Information given
.....

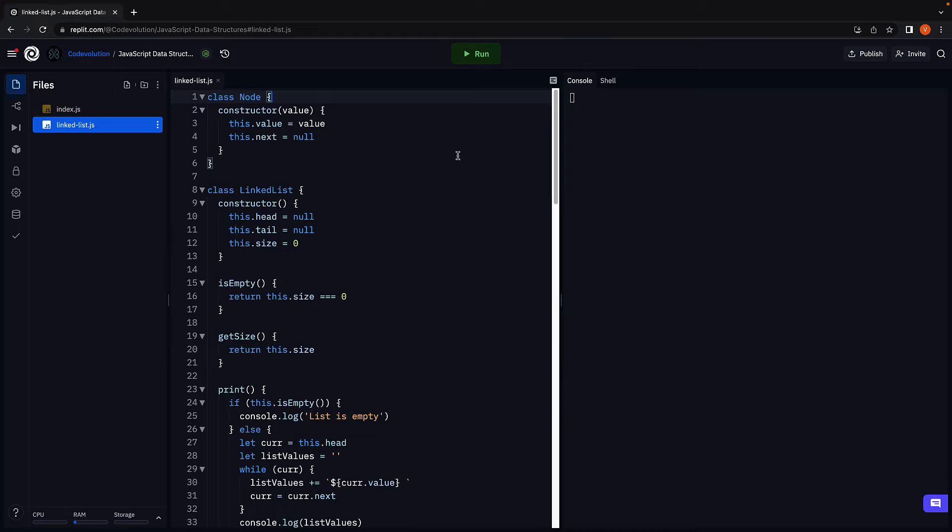In this video, let's use a linked list to implement the queue data structure. We're going to reuse the linked list with tail pointer.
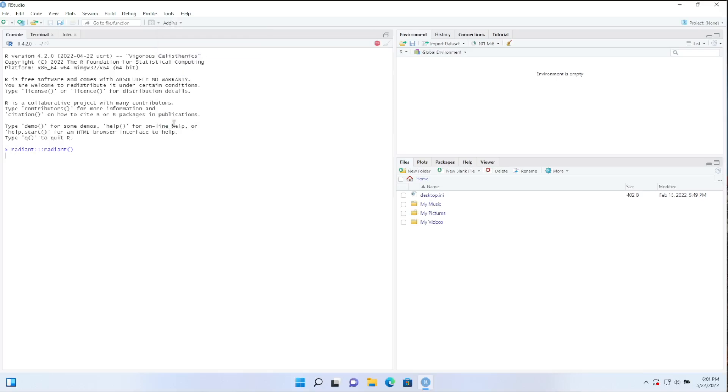And all that really does is run this command inside of the console, the R console. So it'll take a second, and then it's going to start up Radiant in your default browser.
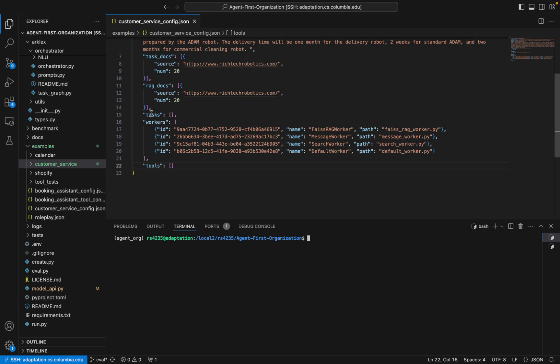Next, we have a list of tasks that the bot is going to handle. In this example, we're just going to leave this blank, which means we're letting the framework synthesize tasks for us. If you have specific tasks you really want the bot to handle, you can place them here, but for this example, we'll trust the framework to create those tasks.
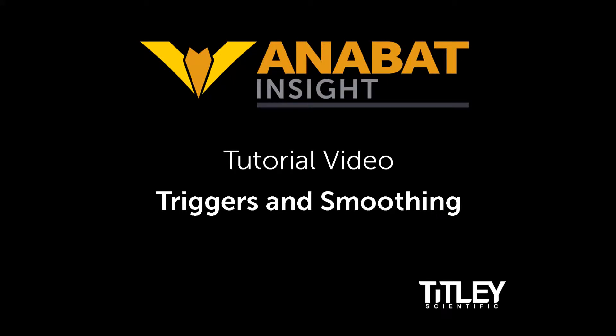Welcome to Titley Scientific's tutorial video series for Anabat Insight. In this video, you'll learn how to set your triggers and how to use smoothness filters.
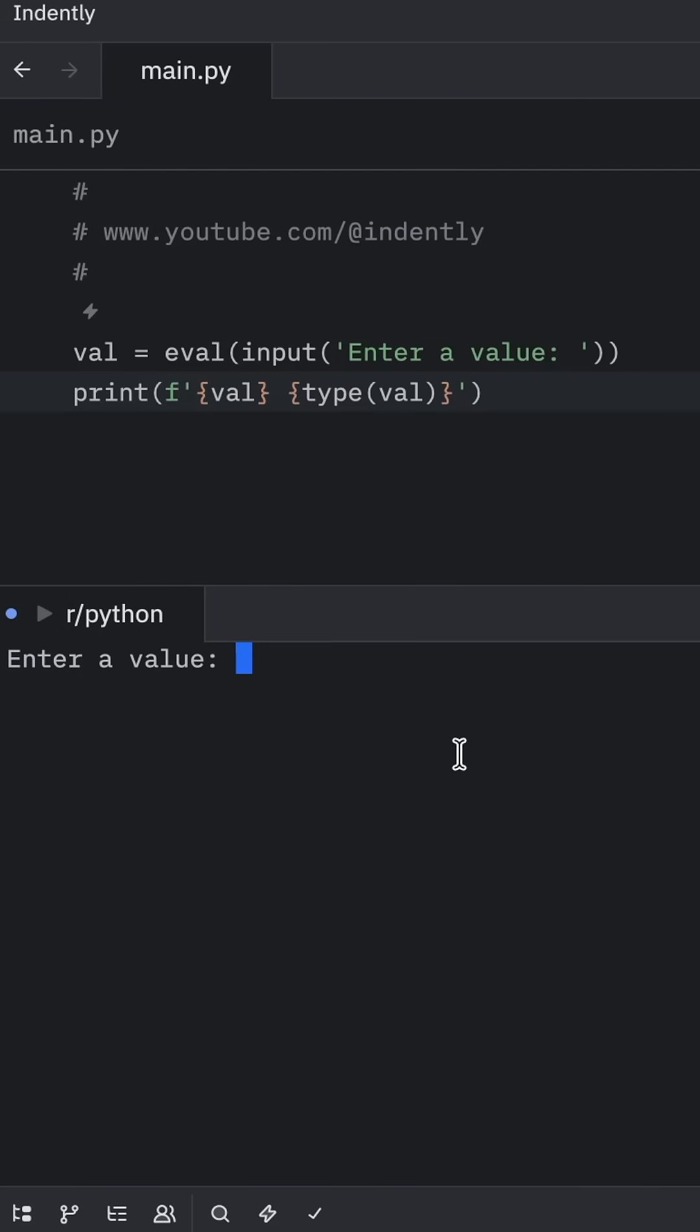The problem here is that we've created an entry point for anyone using our program to inject malicious code. Eval will execute any code it receives and return the result.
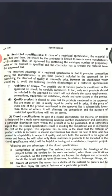The advantage of restricted specification is that it promotes competition among manufacturers to get their product included in the approved list and standardization is maintained. However, there are disadvantages: if a civil engineer wants a material that is not in the list, bringing that into execution is a problem. Also, if only a single brand is mentioned, you have no choice — whatever quality that brand offers is what you must take, so quality can be a problem.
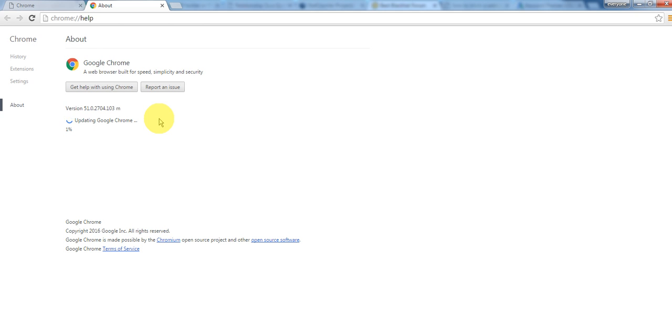You can update your Google Chrome in this way. I hope you like the video, and thanks for watching the video.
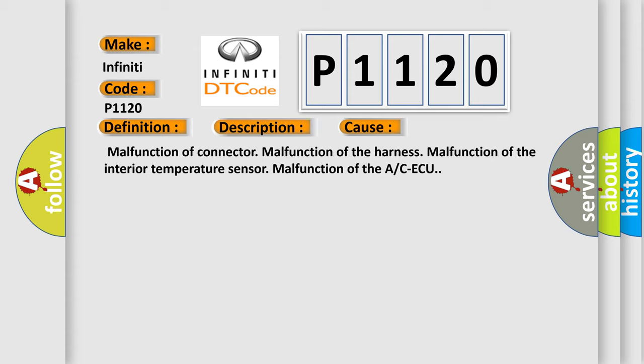Malfunction of connector, malfunction of the harness, malfunction of the interior temperature sensor, malfunction of the A/C ECU.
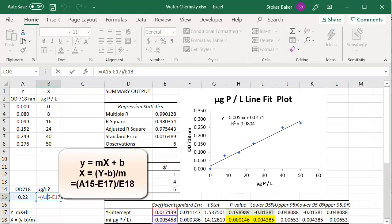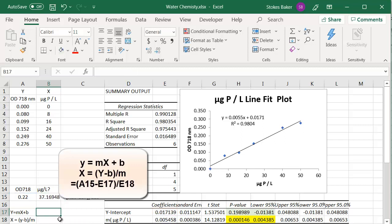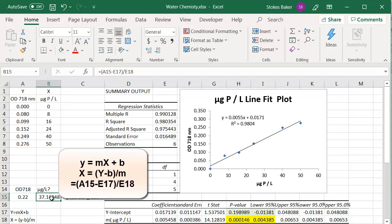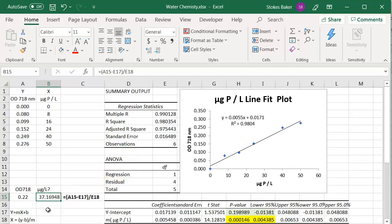And I'm showing you right here the equation I used and the corresponding value. So since our water sample produced an optical density of 0.22, that means the water sample had a phosphorus concentration of 37.2 micrograms of phosphate per liter. I hope this was helpful. Have a good day.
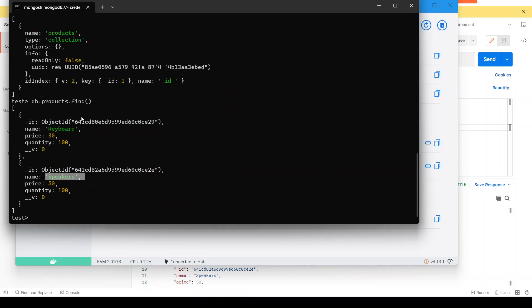That's how you create a Node.js REST API, connect it with MongoDB, and run everything in Docker. Thank you for watching. If you have any questions put them in the comment box and I will reply. Take care, bye-bye.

.....

Directions
Please output the listing above in full, exactly as given, without its images.

Solution to the problem
In this video, let's use a linked list to implement the queue data structure. We're going to reuse the linked list with tail pointer.
And all that really does is run this command inside of the console, the R console. So it'll take a second, and then it's going to start up Radiant in your default browser.
Next, we have a list of tasks that the bot is going to handle. In this example, we're just going to leave this blank, which means we're letting the framework synthesize tasks for us. If you have specific tasks you really want the bot to handle, you can place them here, but for this example, we'll trust the framework to create those tasks.
Welcome to Titley Scientific's tutorial video series for Anabat Insight. In this video, you'll learn how to set your triggers and how to use smoothness filters.
The problem here is that we've created an entry point for anyone using our program to inject malicious code. Eval will execute any code it receives and return the result.
The advantage of restricted specification is that it promotes competition among manufacturers to get their product included in the approved list and standardization is maintained. However, there are disadvantages: if a civil engineer wants a material that is not in the list, bringing that into execution is a problem. Also, if only a single brand is mentioned, you have no choice — whatever quality that brand offers is what you must take, so quality can be a problem.
You can update your Google Chrome in this way. I hope you like the video, and thanks for watching the video.
Malfunction of connector, malfunction of the harness, malfunction of the interior temperature sensor, malfunction of the A/C ECU.
And I'm showing you right here the equation I used and the corresponding value. So since our water sample produced an optical density of 0.22, that means the water sample had a phosphorus concentration of 37.2 micrograms of phosphate per liter. I hope this was helpful. Have a good day.
That's how you create a Node.js REST API, connect it with MongoDB, and run everything in Docker. Thank you for watching. If you have any questions put them in the comment box and I will reply. Take care, bye-bye.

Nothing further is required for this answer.